In this context, the digital age amplifies art’s capacity to transform. It challenges how we perceive time, encouraging us to savor the present while recognizing its resonance in the future. Art becomes a reflection of our existence, capturing both its brevity and its enduring impact. Through this lens, we gain a deeper appreciation of creativity as a force that connects and inspires us, reminding us of our shared humanity—here and now, and across generations.
Art has always reflected human emotions and experiences. In today’s digital age, it also serves as a bridge between the ephemeral and the everlasting. The works in this collection, which I decided to call it: Timeless and Transient Realities, celebrate that duality, inviting us on a journey where transient moments are preserved, and timeless truths are reimagined through technology.
The exhibition opens with Tracey Emin’s Because of You I’m Here, a deeply personal piece that anchors the collection in raw, unfiltered emotion. This work reminds us that art, at its core, is a deeply human expression—a connection to the tangible before we venture into the abstract.

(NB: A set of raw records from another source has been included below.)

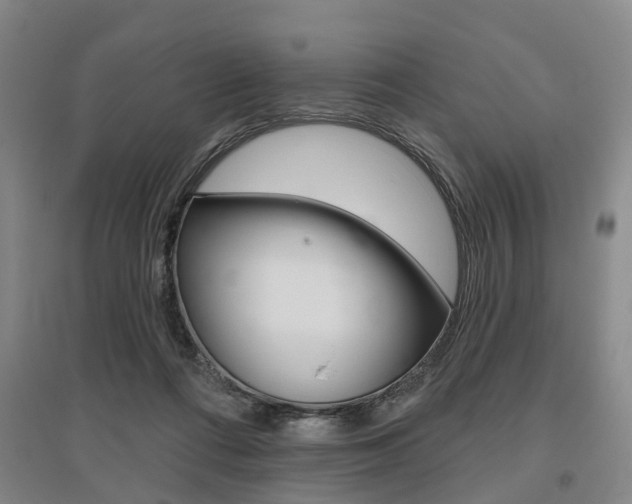 X0000095880312200801110811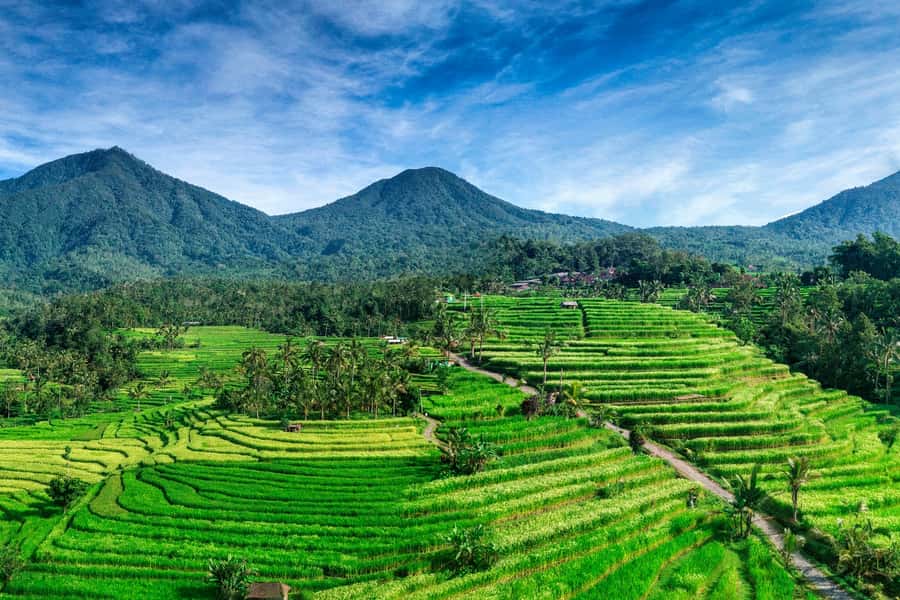 Jatiluwih (UNESCO Site) 2-Hour E-Bike Cycling Tour - Entering Jatiluwih’s 300 hectares of rice terraces
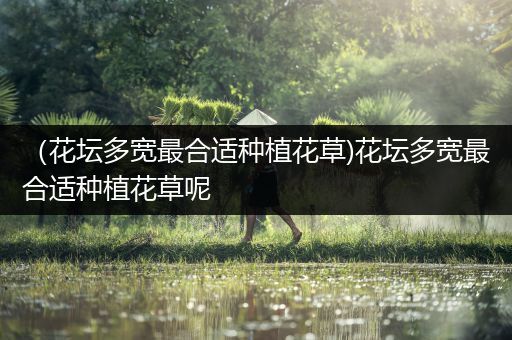 （花坛多宽最合适种植花草)花坛多宽最合适种植花草呢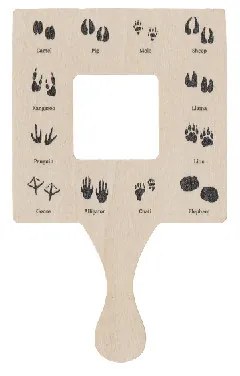 Bogaras felfedező szett gyerekeknek, 6 db-os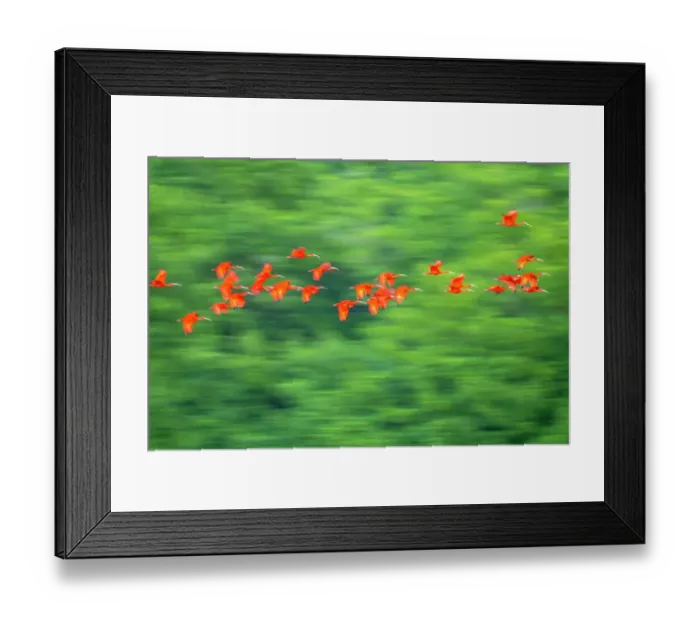 Framed Print : Trinidad, Caroni Swamp. Scarlet ibis birds in flight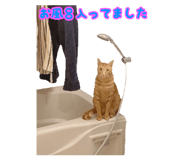 394618250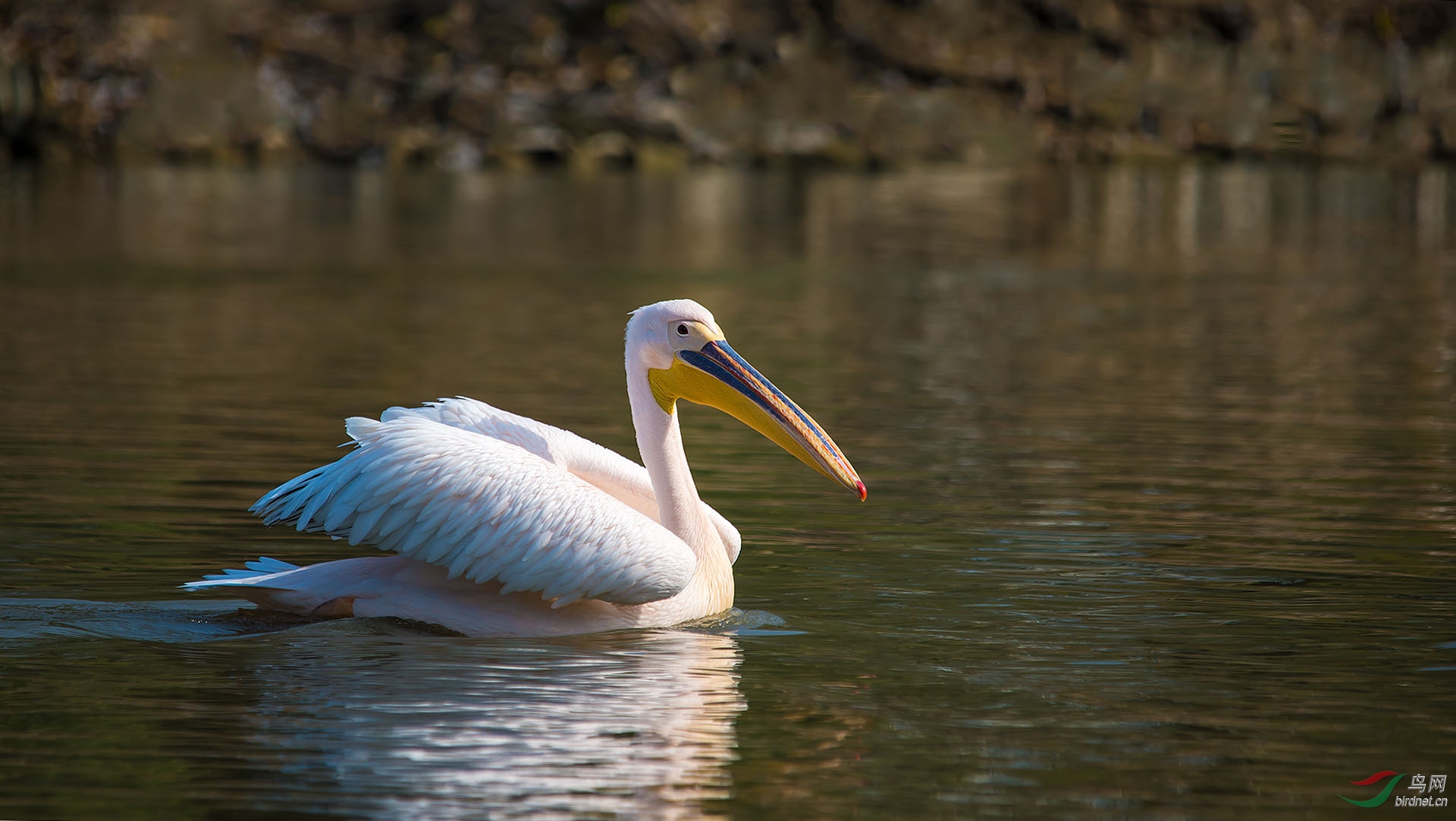DSC_3047.jpg
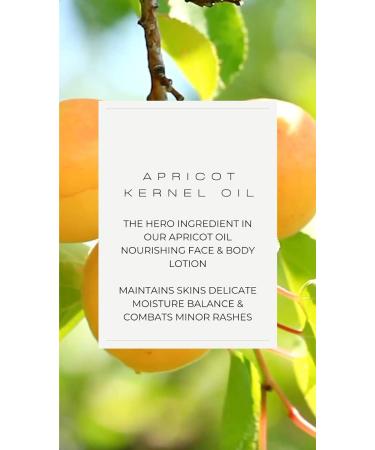 Fragrance-Free Apricot Oil Nourishing Face & Body Lotion - Hydrating Gentle Vegan Skincare for All Skin Types | International Shipping Available - Buy Online on SooperMarket.com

With Mat Collishaw’s Whispering Weeds and Anthony James ´ Sunset Icosahedron, the narrative shifts toward nature and geometry. These pieces merge delicate organic forms with the precision of digital structures, creating a dialogue that highlights the resilience and beauty of both the natural world and human innovation.
The digital realm comes alive in Aaron Koblin ’s Flight Patterns, where raw data transforms into a mesmerizing visualization of movement. The work has hidden patterns like the invisibles that connect us all, presenting a poetic story of global interconnectedness. Similarly, Bill Viola ’s A Phrase from ‘Illumination’ (2011) and Lindsay Kokoska´s Echoes of Light use light as a fleeting medium, capturing the delicate beauty of everyday experiences.
The collection also explores introspection and memory. Laurence Fuller’s When My Sister Was Lost offers a poignant meditation on loss, while John Sanborn’s Anaphora employs linguistic repetition to examine identity and meaning, illustrating how fragments of the past continue to shape the present.
Themes of transformation and fluidity surface in pieces like Studio Above & Below´s Latent Liquid, which challenges perceptions, and Manuel Tozzi ’s Waving Mountains, whose organic movements evoke the sublime rhythms of nature. Yuma Yanagisawa’s Reverie: Dubai (Landscape) stretches the boundaries of reality, blending surreal landscapes with imagination of real spaces in the world.
This collection is more than a gathering of artworks—it’s an invitation to explore how art and technology intertwine to transform our perception of reality. Each piece reveals the creative possibilities of this connection, where the fleeting gains permanence, and the eternal is reimagined through new lenses.
In the end, these works prompt us to reconsider our relationship with the ephemeral and the enduring, offering a renewed appreciation for art’s ability to inspire, transform, and connect us in the digital age.